Il a provoqué une importante prise de conscience. Notamment auprès de certains députés européens. Ils s’étaient rendus compte que ce danger pouvait les cibler directement. Cela a ouvert le débat sur la réglementation des outils technologiques d’espionnage – qui sont en réalité des armes – utilisés jusqu’ici par les services secrets essentiellement. Parmi les autres retombées notables de ce scandale, l’inscription par les Etats-Unis de la NSO dans sa liste noire. Tandis que des sociétés lésées (Apple, etc.) et des personnalités espionnées ont porté plainte contre cette entreprise ­israélienne. Malgré tout ceci, beaucoup de gens continuent à penser que cela ne les concerne pas « puisqu’ils n’ont rien à cacher ». Sauf que la liberté dont ils jouissent grâce à la ­démocratie est en danger de disparition. Et avec elle, les ­garanties du respect de leurs droits civiques dont la sécurité et la confidentialité de leur vie intime font partie.

 


Et maintenant ?

En octobre dernier, Amnesty International avait déposé aux Nations Unies une pétition, signée par 100 000 personnes. Elle exigeait l’arrêt de « la vente, le transfert et l’utilisation de logiciels espions », afin de « mettre fin à la surveillance, illégale et endémique, des militants politiques, des journalistes, des avocats et des responsables politiques ». Consciente de la lenteur relative à la mise en place d’un cadre législatif, l’ONG réclamait également une interdiction sans délai de ces technologies durant tout le laps de temps du vide juridique.

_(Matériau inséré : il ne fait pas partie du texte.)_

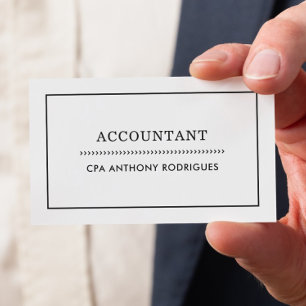 Modern Black and White Accountant Business Card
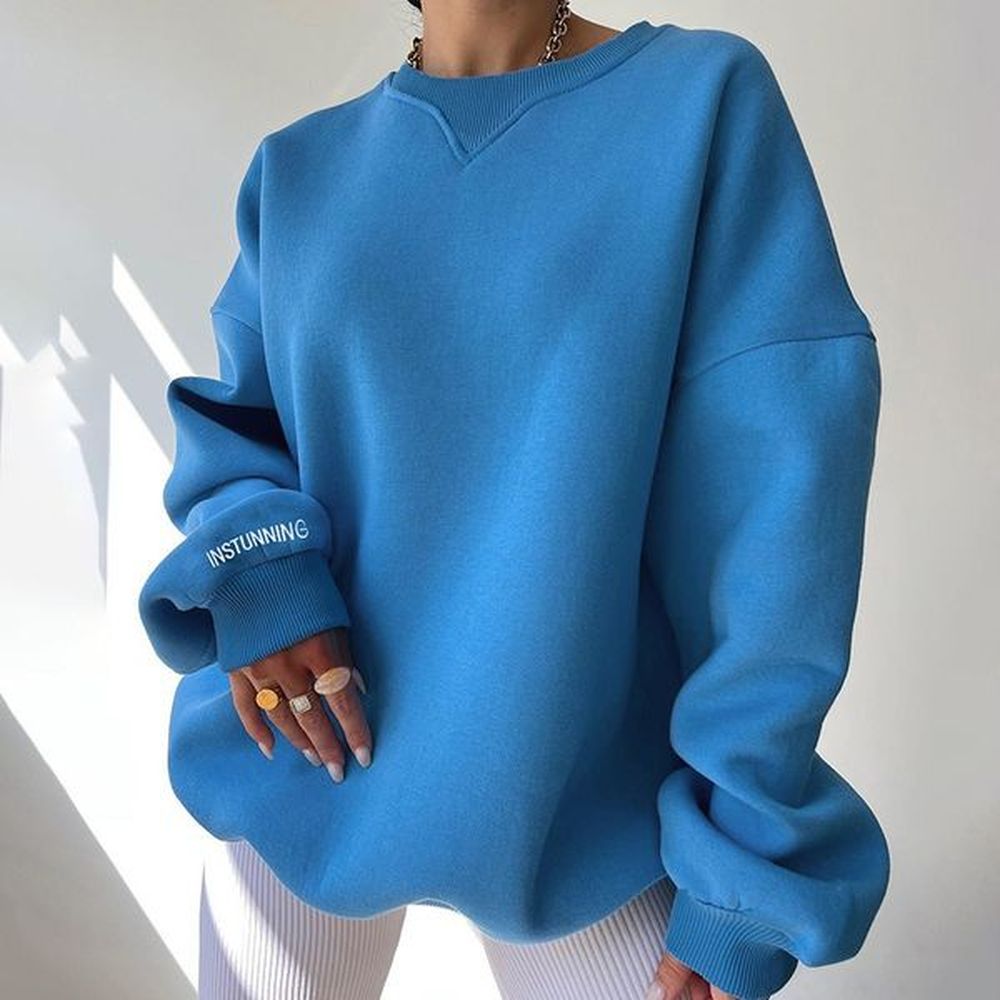 blue oversize womens hoodies letter print thick zip up draw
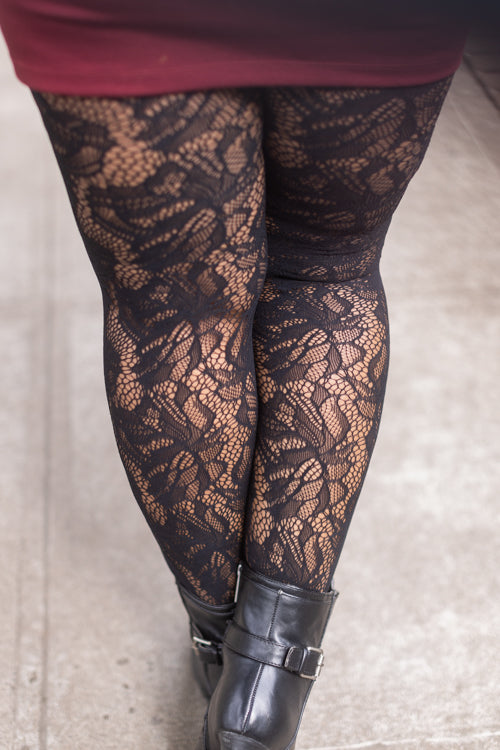 Plus Size Illustrated Flora Net Tights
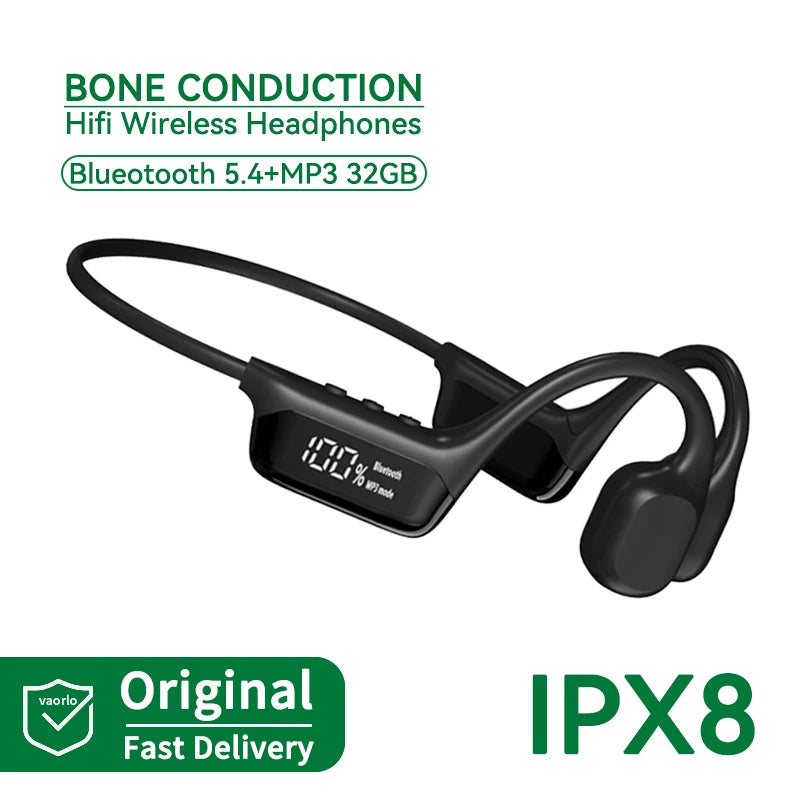 S10 Bluetooth 5.4 True Bone Conduction Headphone HIFI Music Headset 32GB MP3 Player LED Digital Display IPX8 Waterproof For Swim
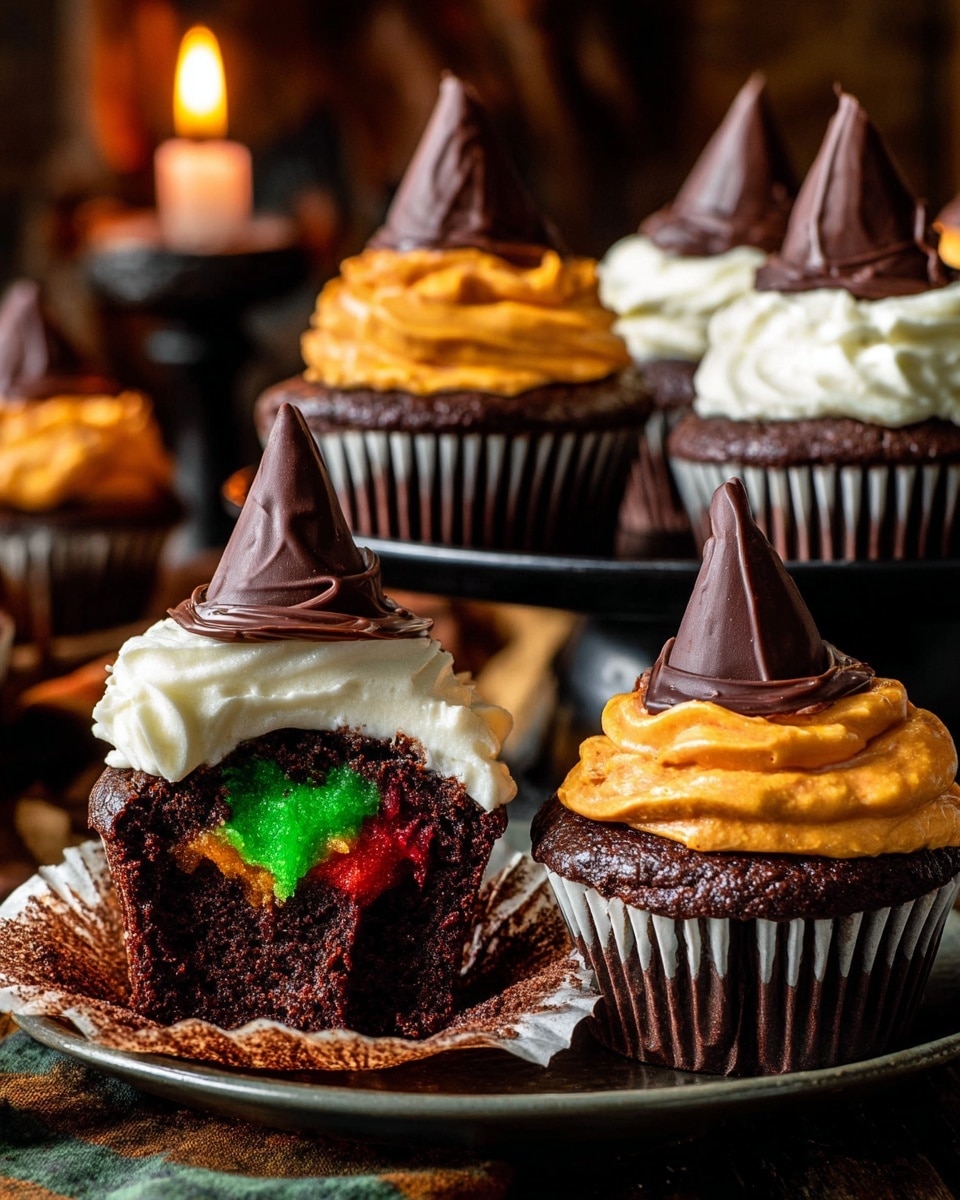 Thirteen chocolate cupcakes in shiny golden wrappers sit on a round black cooling rack, arranged in close groups. Each cupcake has a small, thick dollop of smooth colored frosting in the center on top, with colors including green, blue, red, and orange. The cupcakes are set on a wooden table with a white marbled texture and surrounded by dark glass bottles, tall candles, and stacked books with colorful spines. A dark metal knife with an ornate handle is lying on the table near a folded yellow cloth. The overall scene feels cozy and warm with deep, rich tones. Photo taken with an iphone --ar 4:5 --v 7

Quant à l’Union européenne, elle avait ordonné une enquête parlementaire, dont le rapport rédigé par la députée Sophia In’t Veld devait préparer le terrain pour un serrage de vis. Sur fond de toutes ces actions engagées, le 8 mai 2023, la montagne a pourtant accouché d’une souris. Malgré les constats, accablants, du rapport de cette enquête de 15 mois, les eurodéputés n’ont adopté qu’une recommandation, non contraignantes, sur l’utilisation des logiciels espions dans l’UE. Un mince espoir toutefois : ils appellent à leur interdiction effective, mais sous certaines conditions. Aujourd’hui, des Etats, dont la Suisse, continuent à collaborer avec la NSO, pendant que les journalistes suivent l’évolution de ChatGPT et des avatars, qui vont prochainement usurper leur identité. Ainsi, les plus ­indociles seront passés pour des terroristes puis espionnés en tout légalité.


 

*FIFDH : Festival international du film sur les droits humains qui se déroule au mois de mars à Genève.